Norwegian oil fund denounces ‘corporate greed’ over executive pay
The world’s largest sovereign wealth fund has attacked “corporate greed” and excessive pay for “mediocre performance” and vowed to take action against the worst offenders.
Nicolai Tangen, chief executive of Norway’s $1.2tn oil fund, told the Financial Times that it would in particular target large salary packages that were not justified by performance, or were opaque or insufficiently long-term.
“We are in an inflationary environment, where we are seeing many companies with pretty mediocre performance coming out with very big pay packages. We are seeing corporate greed reaching a level that we haven’t seen before, and it’s really becoming very costly for shareholders in terms of dilution,” he said.

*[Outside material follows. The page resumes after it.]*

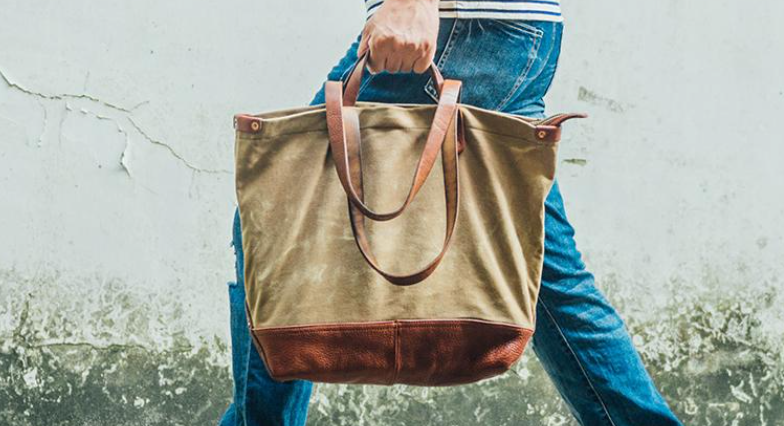 Explore the most popular types of bags for men, including backpacks, totes, briefcases, and duffel bags. Find the best one for work, travel, or everyday use.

The oil fund, which owns the equivalent of 1.5 per cent of every listed company in the world, voted against executive pay at Intel’s annual meeting this week and against Apple in March.
It also voted against IBM this year, citing consistently high pay despite disappointing performance, General Electric for a complex pay package lacking in transparency, and against Harley-Davidson, saying it had not presented a compelling business case for offering higher salaries than competitors.

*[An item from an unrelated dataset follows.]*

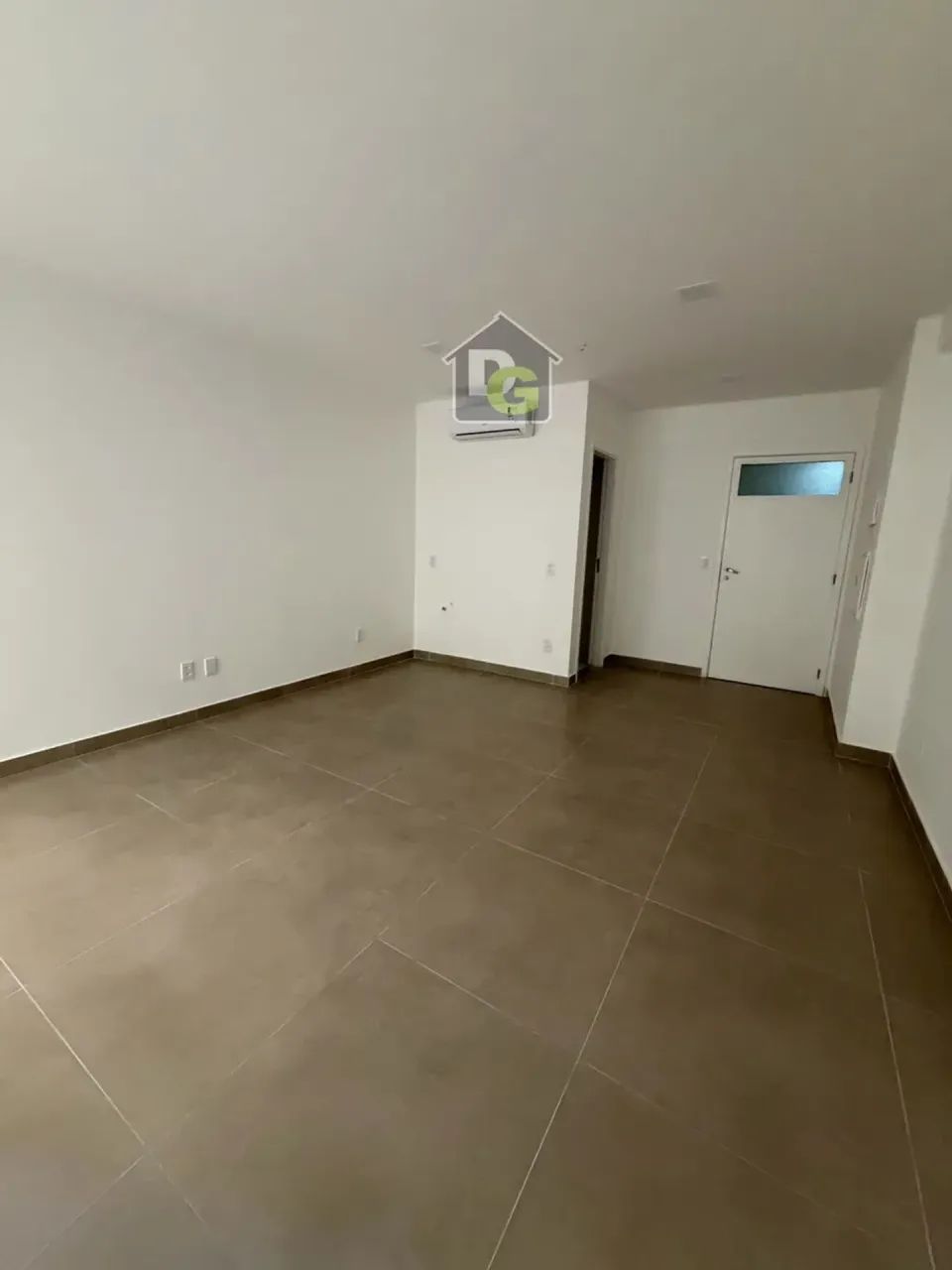 ALUGUEL. CENTRO NITERÓI. TREND TOWER OFFICE.OPORTUNIDADE. EXCELENTE SALA COM 28 M²,  BANHE - Foto 5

Carine Smith Ihenacho, chief governance and compliance officer at the fund, said it was focusing on the US because that was where “the high pay packages” were but that it would also look at Europe and elsewhere.

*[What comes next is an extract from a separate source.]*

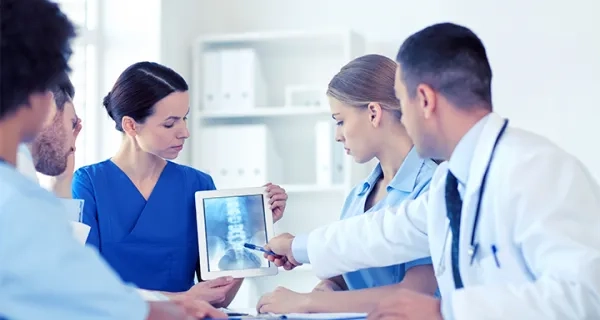 Osteoporotik Omurga Kırıkları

For the S&P 500 companies that have reported figures for 2021, the median chief executive’s pay has jumped to a record $14.4mn, up from $13.2mn in 2020, according to ISS Corporate Solutions, a data provider.
Coca-Cola in April barely survived a shareholder revolt over pay, with just 50.5 per cent support for CEO James Quincey’s package. Support at Accenture for its executives’ pay crashed to 53 per cent from at least 90 per cent in previous years. Bonuses for the new CEOs of Amazon and Twitter have also drawn fire from the two largest shareholder advisory services.
Tangen, a former hedge fund manager, said the problem would only get worse if investors did not do anything. “If shareholders are not becoming stricter on how they vote, this will just continue.”
“We feel to a certain extent, shareholders haven’t really done their job in this area. We are sensing a bit of a shift in sentiment among the large shareholders in the world towards more scrutiny and more requirement for alignment.”
But the “main blame is clearly with CEOs and boards”, he added.
The fund said it was not automatically against large pay packages, and pointed to JPMorgan and Amazon as examples where it has voted in favour of simple, long-term remuneration policies.
Ihenacho said: “We look at many things. One is how aligned is it really with long-term value creation . . . Are they many multiples above the median of peers? What is the dilution of shareholders? It doesn’t mean we vote against all large pay packages.”
The fund first set out a detailed view of its expectations on executive pay in 2017. Ihenacho insisted the fund set no ceiling for pay, but preferred companies to offer packages with large equity portions that vest over five or preferably 10 years, to try to ensure executives are aligned with shareholders.
Tangen said falling markets also added to the urgency of the issue. “It’s even more important to address it when we go through periods where value creation potentially is smaller for the shareholders. Because as a proportion the pay packages stand out even more.”